Dataset section:
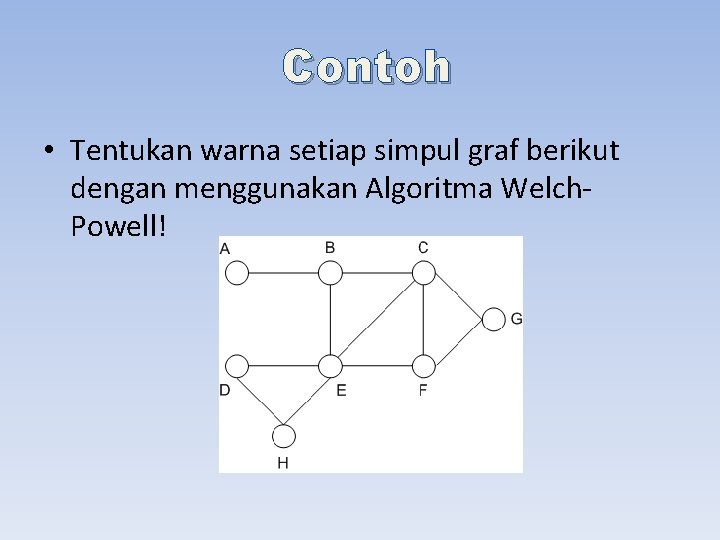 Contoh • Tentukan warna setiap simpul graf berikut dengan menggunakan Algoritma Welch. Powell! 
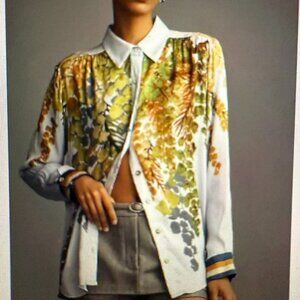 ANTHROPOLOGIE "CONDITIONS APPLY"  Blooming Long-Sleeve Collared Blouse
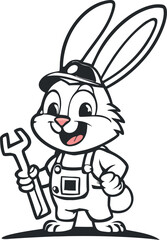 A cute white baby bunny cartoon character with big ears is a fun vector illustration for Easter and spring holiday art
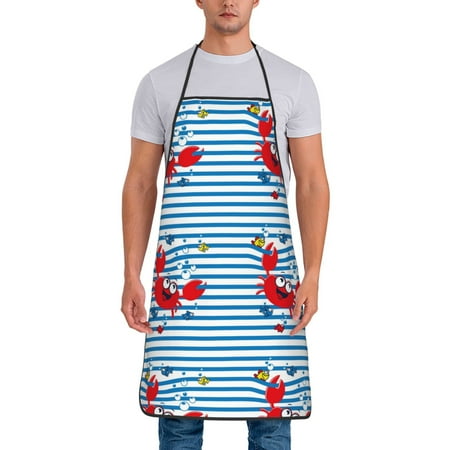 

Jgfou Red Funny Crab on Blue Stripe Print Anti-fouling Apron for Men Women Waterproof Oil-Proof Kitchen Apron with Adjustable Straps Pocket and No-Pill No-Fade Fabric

Goal of the exercise:
Nothing outside the stretch above, from the line with "Long-Sleeve Collared Blouse" through the line with "A cute white", is set down. Transcribe that stretch exactly, ends included, but not its pictures.

Exercise output:
 ANTHROPOLOGIE "CONDITIONS APPLY"  Blooming Long-Sleeve Collared Blouse
 A cute white baby bunny cartoon character with big ears is a fun vector illustration for Easter and spring holiday art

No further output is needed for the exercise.